3. What is the return policy?
Sketchy companies have sketchy return policies. They might dance around their return policy with vague language like "if you're not satisfied, let us know" or they may make no reference to their return policy at all. When I shop online I look for a clear return policy. Can I return the product for any reason? What condition must the product be in for it to be accepted as a return or exchange? How long do I have to return it? Where do I send the return?
That last question is especially important. Remember what I said about overseas companies? If you're going to be on the hook for return shipping overseas you'll likely find the shipping costs are so outrageously expensive that it's not even worth the cost to return it. These companies know this and that's how they avoid ever having to issue a refund.

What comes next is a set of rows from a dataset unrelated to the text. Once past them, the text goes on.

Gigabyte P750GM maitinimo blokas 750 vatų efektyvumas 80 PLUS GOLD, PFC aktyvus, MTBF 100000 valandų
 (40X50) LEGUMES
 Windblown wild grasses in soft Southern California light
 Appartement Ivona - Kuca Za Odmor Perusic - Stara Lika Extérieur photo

4. Beware of supply chains!
"Supply chain" is just a fancy way of saying who's involved in getting the product from the assembly line to you. When you walk into a store like Bed Bath and Beyond and you buy a Cuisinart food processor, you can be sure Bed Bath and Beyond got that food processor from Cuisinart. You might be thinking "duh, of course they did!" but I'm making this point because with e-commerce, sometimes things aren't what they appear to be.

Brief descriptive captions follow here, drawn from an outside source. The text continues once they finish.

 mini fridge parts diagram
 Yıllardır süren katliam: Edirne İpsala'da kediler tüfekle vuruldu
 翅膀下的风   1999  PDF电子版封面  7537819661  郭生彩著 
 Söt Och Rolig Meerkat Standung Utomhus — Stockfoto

When you deal with online "marketplace" retailers like eBay or Amazon, you don't really know who's in the supply chain. For example, just because someone says a shoe is a Birkenstock shoe doesn't mean that's what it actually is. If Bed Bath and Beyond sold you a counterfeit Cuisinart in one of their stores they'd be in all sorts of liability trouble and they'd be on the hook. If that fake food processor started a kitchen fire you could sue them. If Cuisinart caught them selling fakes of their product they could sue them. For these reasons a store like Bed Bath and Beyond has plenty of incentive to make sure they are selling exactly what they say they are selling. Online marketplaces like eBay and Amazon are another story, and thus far they've been able to avoid being held liable for selling counterfeit goods.

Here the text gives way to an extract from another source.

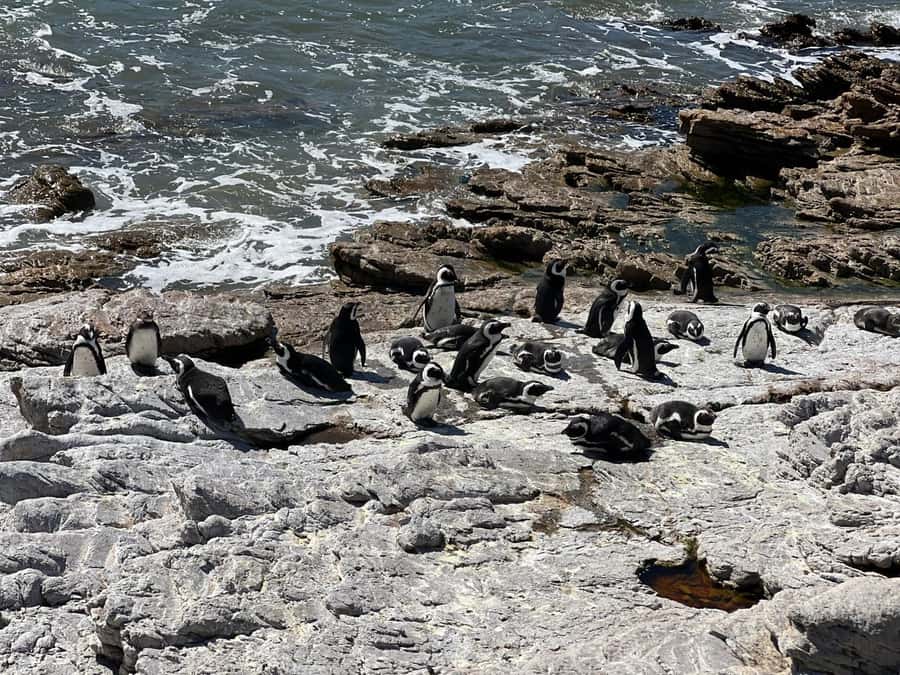 Cape Agulhas, Hermanus whales & Wine Tasting Day Trip - From Sir Lowry’s Pass to the Overberg
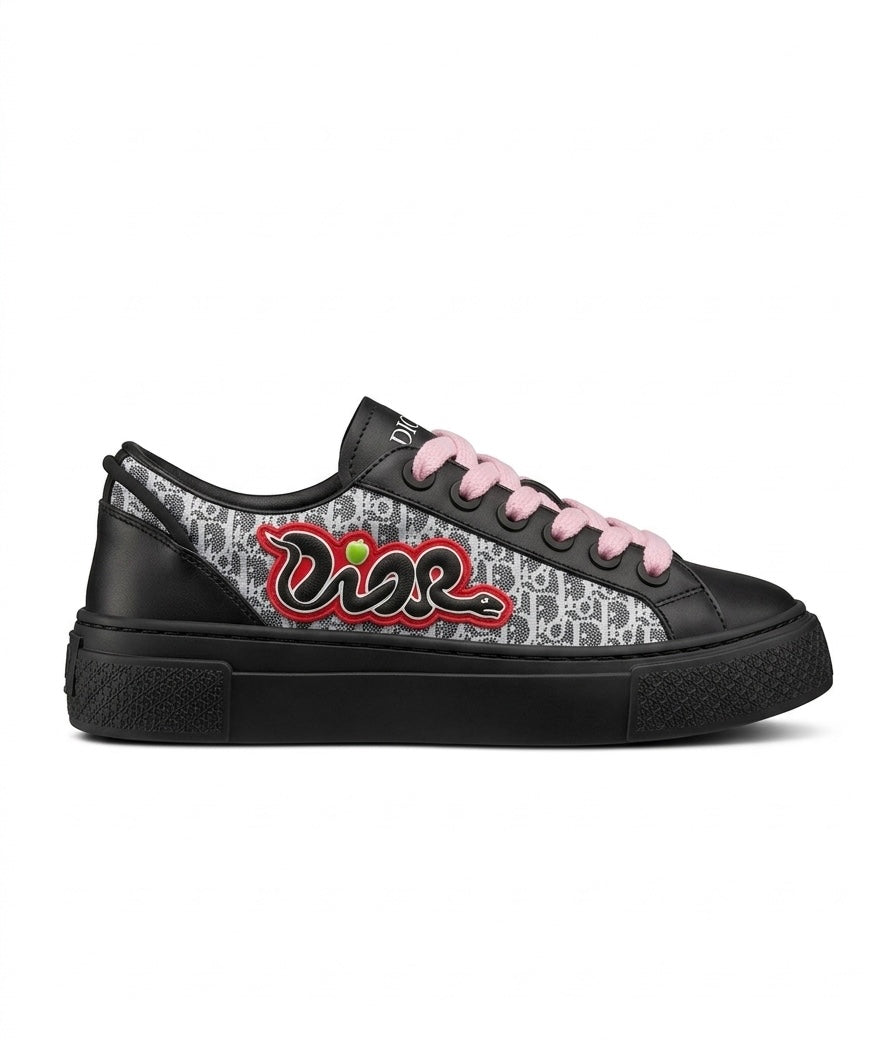 Dior B33 x Kaws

This would be annoying if you ended up with a product that's just junky and not as described, but it's downright dangerous if you're buying something like eyewear, cosmetics, toys for your kids, electronics or even toys for adults. Buying directly from brand websites, such as ours, or major retailers who source their products directly from the brands, is a good way to ensure that you'll always get exactly what was advertised.
It can be tempting in 2018 to just assume that because the U.S. has relatively comprehensive consumer protections in place that every other country has similar protections in place, or that those protections apply to all products that ship into the U.S. from overseas. The unfortunate reality is that they don't. This isn't to say that the ONLY trustworthy consumer products and/or e-commerce businesses come from and/or are based in the U.S. Sometimes there are disreputable U.S.-based e-commerce companies, and there are certainly LOTS of legitimate retailers selling high-quality goods all around the world. But with the good of a globalized economy: innovation, lower prices, and economic growth for developing nations — comes the bad: inferior quality, unsafe manufacturing practices using hazardous materials, and shady business practices, and it's up to all of us as consumers to use critical thinking and practice good judgment before handing over our hard-earned money and risk getting burned by unscrupulous scammers.
That's it for this week; shop safe & smart out there, and have a great weekend!